The Allen Institute for AI (AI2) has announced the release of Tülu 3, a state-of-the-art family of instruction-following models designed to set a new benchmark in AI capabilities. This release includes state-of-the-art features, methodologies, and tools, providing researchers and developers with a comprehensive, open-source solution. With Tülu 3, AI2 has successfully addressed a broad range of tasks, from conversational AI to complex problem-solving domains such as mathematics, reasoning, and evaluation.
Tülu 3 is a model family prioritizing transparency, openness, and state-of-the-art performance. The models are based on Meta’s Llama 3.1 framework and have been fine-tuned on an extensive dataset mix comprising publicly available, synthetic, and human-created data. This approach ensures that Tülu 3 achieves excellence across diverse tasks, including specialized domains like MATH, GSM8K, and IFEval while maintaining strong capabilities in general-purpose chat and reasoning tasks.
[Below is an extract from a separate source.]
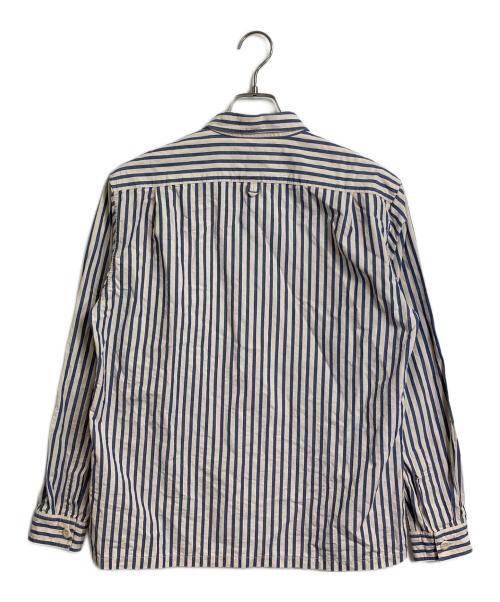 MHL（エムエイチエル）MHL (エムエイチエル) COTTON LINEN PJ STRIPE SHIRTS ストライプ　 ネイビー×ベージュ サイズ:Mの古着・服飾アイテム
The Tülu 3 family consists of two primary model sizes:
These models have been fine-tuned using Sequential Fine-Tuning (SFT) and Direct Preference Optimization (DPO) techniques, followed by Reinforcement Learning with Value Regularization (RLVR) for the final iterations. This multi-stage training pipeline has resulted in models that excel in accuracy and adaptability, making them suitable for various applications.
Performance Metrics
Tülu 3 models have demonstrated remarkable performance across multiple benchmark evaluations. In tasks such as MMLU (0-shot Chain of Thought), GSM8K (8-shot Chain of Thought), and HumanEval, Tülu 3 models consistently outperform competitors like Qwen 2.5, Magpie, and Ministral. For example, the Tülu 3 8B model achieved a GSM8K score of 87.6, while the 70B variant scored an impressive 93.5. Similarly, in HumanEval tasks, the models demonstrated a strong pass@10 rate, with the 70B model reaching 92.4%. One notable highlight is the models’ exceptional performance in safety tasks. Tülu 3 8B and 70B models scored 85.5 and 88.3 in a six-task safety evaluation, respectively, showcasing their reliability in handling sensitive and complex queries. These metrics underscore Tülu 3’s ability to balance precision, creativity, and safety, a combination critical for modern AI applications.
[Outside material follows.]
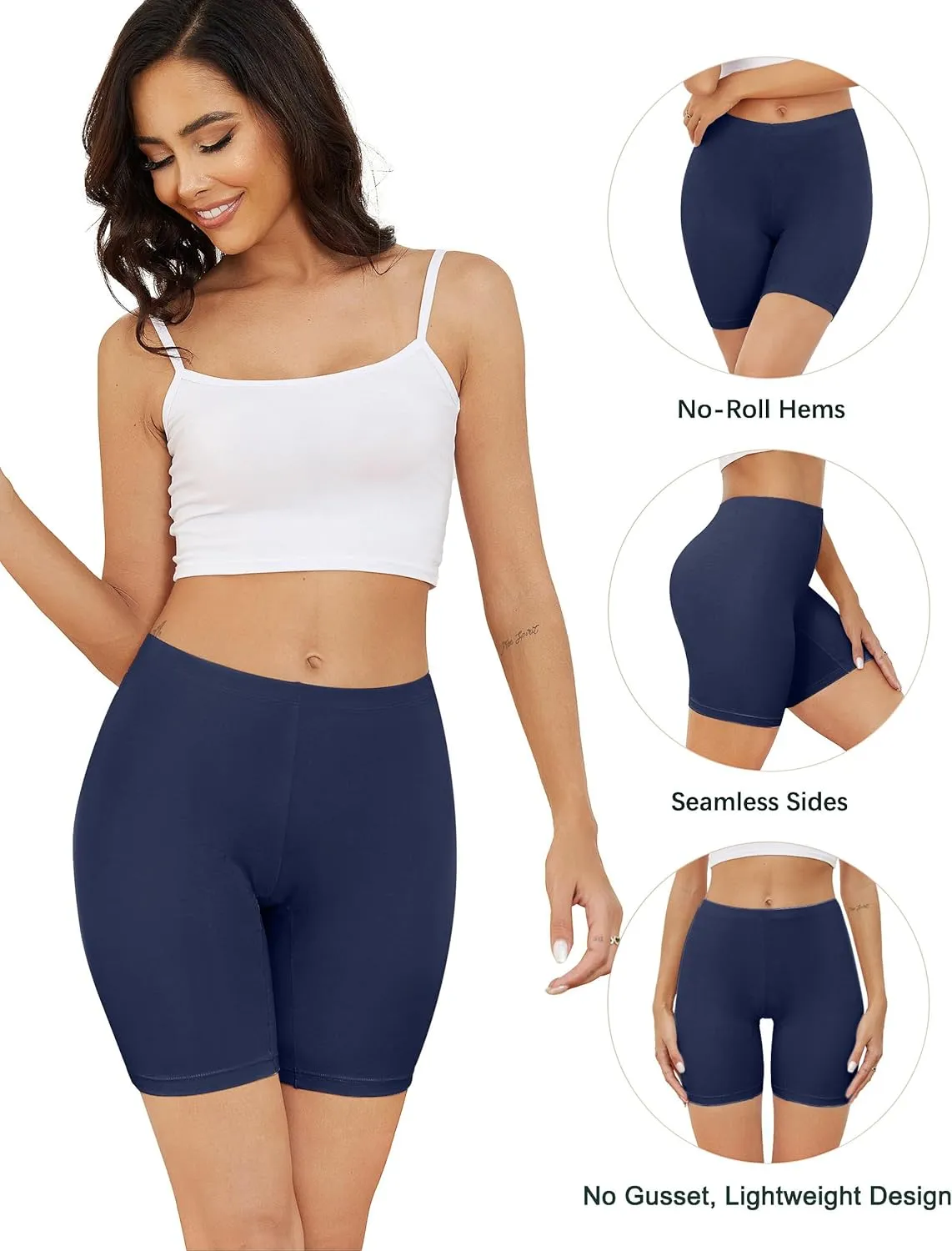 voenxe Women Cotton Boy Short Underwear,Shorts for Under Dress,Ladies Anti Chafe Boxer Briefs,High Waist Long Leg,4 Pack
Openness and Accessibility
What truly sets Tülu 3 apart is its commitment to openness. AI2 has made the models, training datasets, evaluation code, and methodologies fully open-source. Researchers and developers can access the training repository, evaluation repository, and a detailed technical report that outlines the model’s architecture and capabilities. This initiative reflects AI2’s dedication to fostering collaboration within the AI community while responsibly ensuring the use of advanced technologies. AI2 has also provided an interactive demo through their Playground platform for those looking to explore the models hands-on. This user-friendly interface allows individuals to experiment with the Tülu 3 models, observe their performance, and understand their potential applications in real-world scenarios.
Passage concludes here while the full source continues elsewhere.